Exercise instructions
For this exercise, the reply is the listing below, reproduced exactly.

Material provided
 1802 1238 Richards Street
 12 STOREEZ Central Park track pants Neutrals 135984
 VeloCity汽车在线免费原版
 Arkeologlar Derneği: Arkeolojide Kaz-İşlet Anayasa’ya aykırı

Exercise result
 1802 1238 Richards Street
 12 STOREEZ Central Park track pants Neutrals 135984
 VeloCity汽车在线免费原版
 Arkeologlar Derneği: Arkeolojide Kaz-İşlet Anayasa’ya aykırı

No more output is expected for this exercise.